ACTION ITEM:
Pictures stay out of the answer, but every line of the material must be restated exactly.

DATASET SECTION:
******
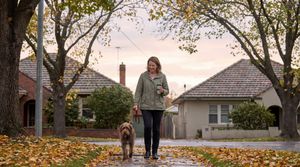 woman-walking-her-dog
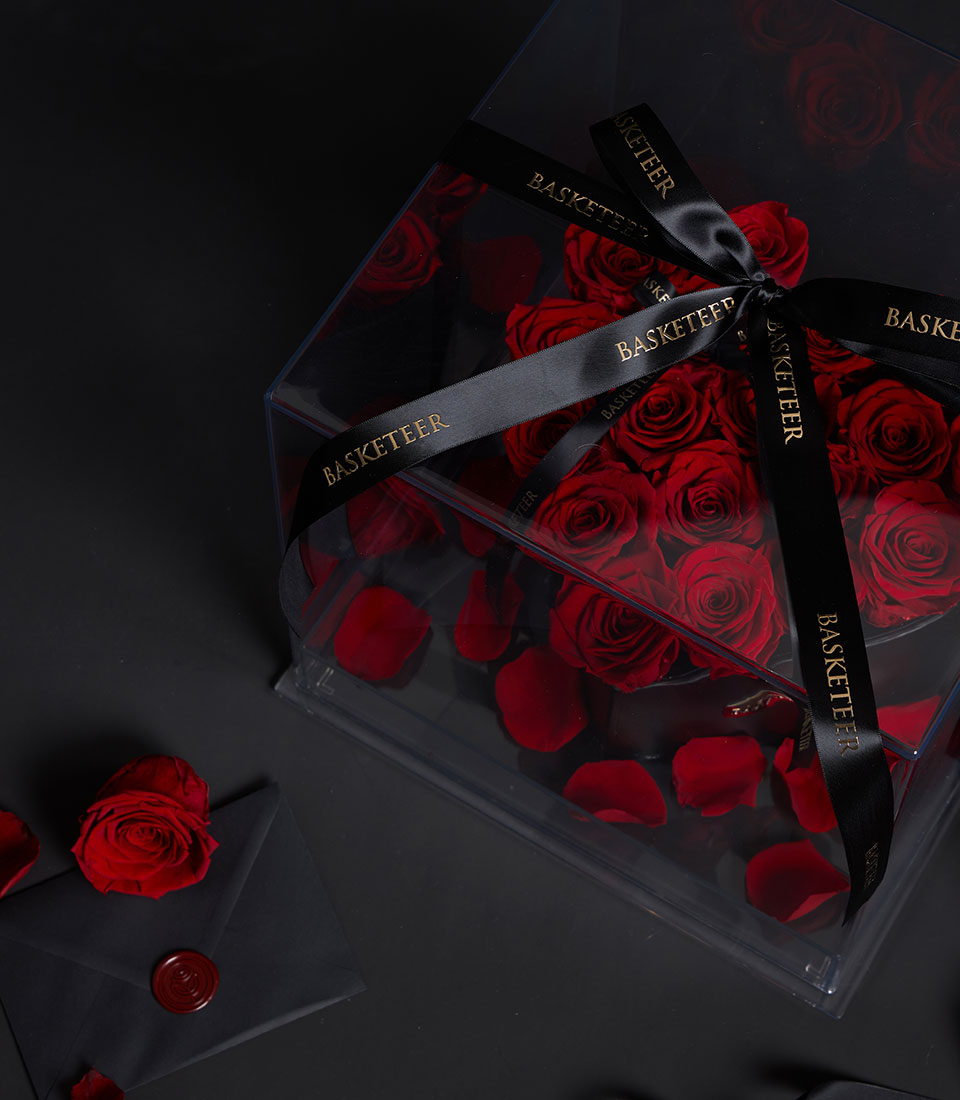 Eternal Red Preserved Rose Luxury Box with black satin ribbon, clear acrylic case, and romantic rose petals for Valentine's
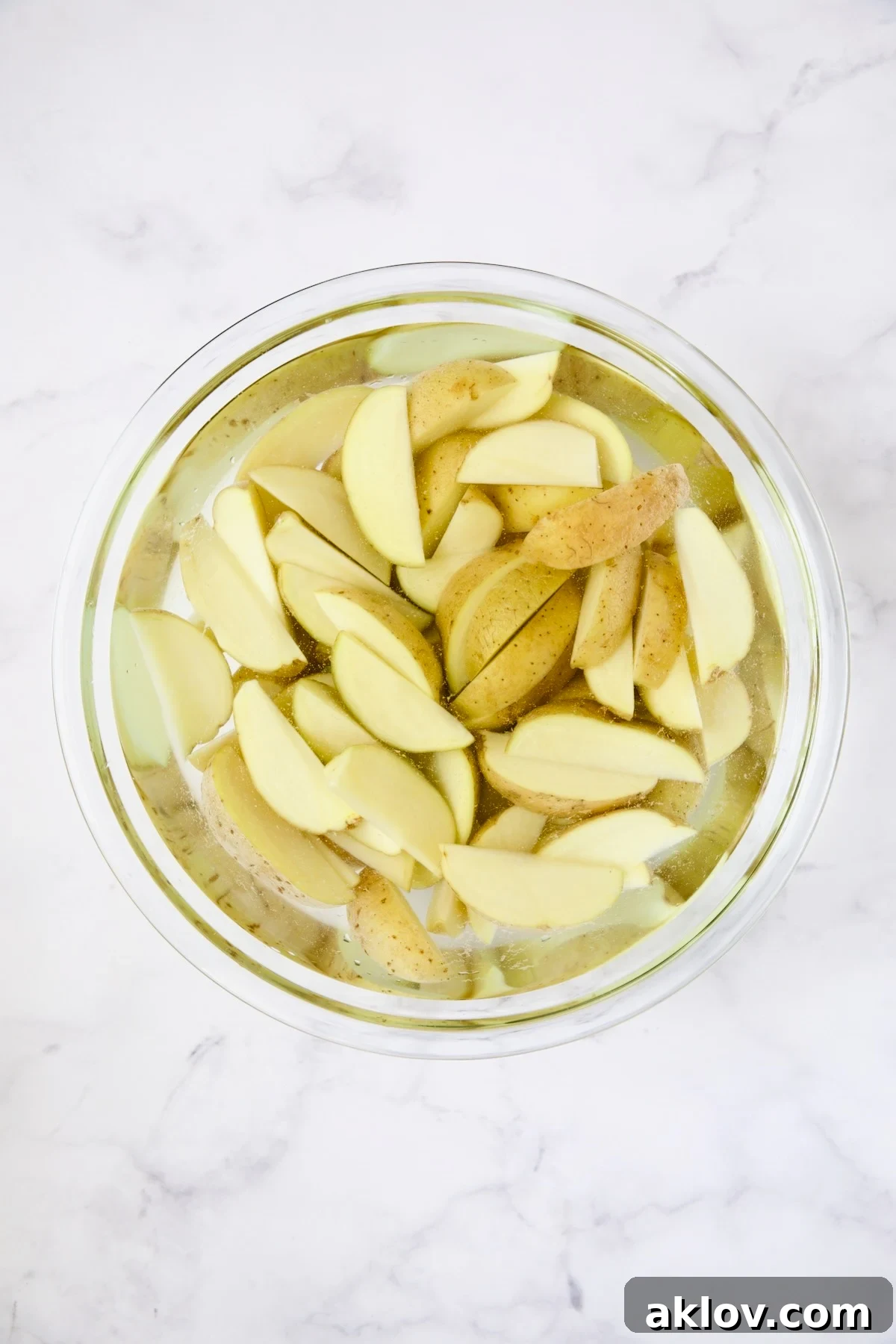Freshly cut Yukon Gold potato wedges soaking in cold water in a clear glass bowl, a technique for extra crispiness.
******
RESULT OF THE EXERCISE:
 woman-walking-her-dog
 Eternal Red Preserved Rose Luxury Box with black satin ribbon, clear acrylic case, and romantic rose petals for Valentine's
Freshly cut Yukon Gold potato wedges soaking in cold water in a clear glass bowl, a technique for extra crispiness.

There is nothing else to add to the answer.